Was ist die Gerber-Konvention beim Bridge?

Nach einer Sans-Atout-Eröffnung wäre 4 Sans Atout selbst schon ein Gebot zum Kontrakt, nicht zur Assfrage. Gerber löst das Problem mit 4 Kreuz als künstlicher Assfrage direkt über Sans Atout.

Kurz gesagt: Gerber ist die Assfrage 4 Kreuz, eingesetzt direkt nach einer Sans-Atout-Eröffnung oder einem Sans-Atout-Rebid.
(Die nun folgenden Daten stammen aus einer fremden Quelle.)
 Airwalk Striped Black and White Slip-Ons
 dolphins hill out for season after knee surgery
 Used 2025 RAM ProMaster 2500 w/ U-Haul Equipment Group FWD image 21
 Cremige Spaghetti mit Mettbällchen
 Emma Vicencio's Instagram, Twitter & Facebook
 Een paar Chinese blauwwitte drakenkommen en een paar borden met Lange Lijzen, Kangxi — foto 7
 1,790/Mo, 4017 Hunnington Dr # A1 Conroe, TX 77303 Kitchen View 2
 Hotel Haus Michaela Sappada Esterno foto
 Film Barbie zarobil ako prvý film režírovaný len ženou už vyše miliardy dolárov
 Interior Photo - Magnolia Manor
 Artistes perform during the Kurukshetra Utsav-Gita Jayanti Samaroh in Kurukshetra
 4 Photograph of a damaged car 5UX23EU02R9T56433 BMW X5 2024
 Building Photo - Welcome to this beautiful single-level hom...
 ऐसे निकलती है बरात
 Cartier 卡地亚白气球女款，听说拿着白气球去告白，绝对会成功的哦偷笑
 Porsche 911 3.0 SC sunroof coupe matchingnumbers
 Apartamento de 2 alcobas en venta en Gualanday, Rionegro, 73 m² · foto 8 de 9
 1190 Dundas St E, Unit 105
Die Antworten lauten 4 Karo (0 oder 4 Asse), 4 Herz (1 Ass), 4 Pik (2 Asse) und 4 Sans Atout (3 Asse).

Was Gerber ist und wann man es Einsetzt

Nach einer 1-Sans-Atout- oder 2-Sans-Atout-Eröffnung ist 4 Sans Atout naheliegend als Sprung zum Kontrakt gedacht, nicht als Assfrage. Blackwood würde hier also missverstanden. Die Gerber-Konvention löst dieses Problem: 4 Kreuz übernimmt die Rolle der Assfrage, direkt über Sans Atout gereizt.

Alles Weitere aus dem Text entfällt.